Authenticated. Project: biplov-gde-project, Bucket: clay-embeddings-v1-test


In [None]:
# @title 2. Install Dependencies (AWS CLI & GCS Fuse)
%%bash
# Install AWS CLI
pip install awscli -q

# Install GCS Fuse (if not present)
export GCSFUSE_REPO=gcsfuse-`lsb_release -c -s`
echo "deb https://packages.cloud.google.com/apt $GCSFUSE_REPO main" | sudo tee /etc/apt/sources.list.d/gcsfuse.list
curl https://packages.cloud.google.com/apt/doc/apt-key.gpg | sudo apt-key add -
sudo apt-get update -q
sudo apt-get install gcsfuse -q

In [None]:
# @title 3. Create Bucket and Mount GCS
import os

# Create the bucket if it doesn't exist
!gcloud storage buckets create gs://$bucket_name --project=$project_id --location=$region --uniform-bucket-level-access || echo "Bucket might already exist, skipping creation."
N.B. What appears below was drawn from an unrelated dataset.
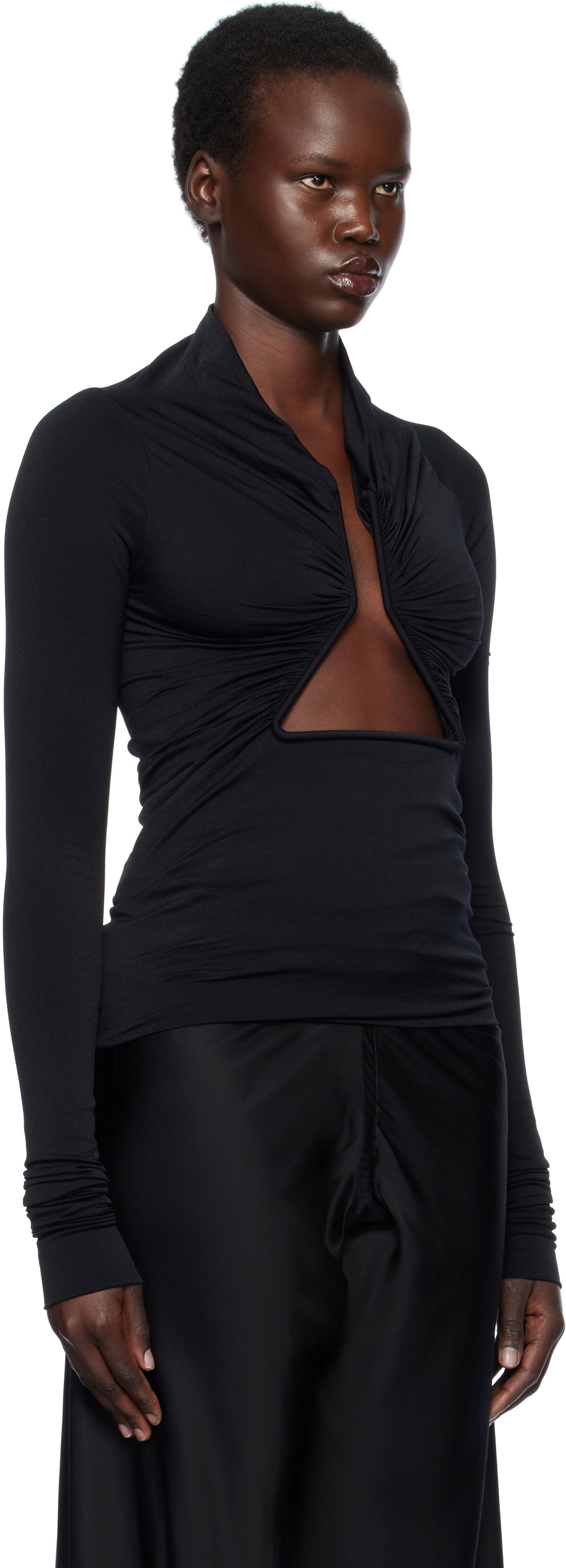 T-shirt Rick Owens Rick Owens Hollywood Jersey Long Sleeve Prong T-Shirt Sort | RP01E7222 JN, 1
# Create the local mount directory
if not os.path.exists(mount_dir):
    os.makedirs(mount_dir)

# Mount the bucket using gcsfuse
!gcsfuse $bucket_name $mount_dir

In [None]:
# @title 4. Download Data from Source Cooperative
# We use --no-sign-request because the S3 bucket is public
!aws s3 sync --no-sign-request s3://us-west-2.opendata.source.coop/clay/clay-v1-5-naip-2/$state/$year ./$mount_dir/naip_$state\_$year

In [None]:
# @title 5. Create BigQuery Dataset
from google.cloud import bigquery

client = bigquery.Client(project=project_id)
# dataset_id = f"{project_id}.naip_embeddings"
dataset_id = ".".join(staging_table_id.split(".")[:-1])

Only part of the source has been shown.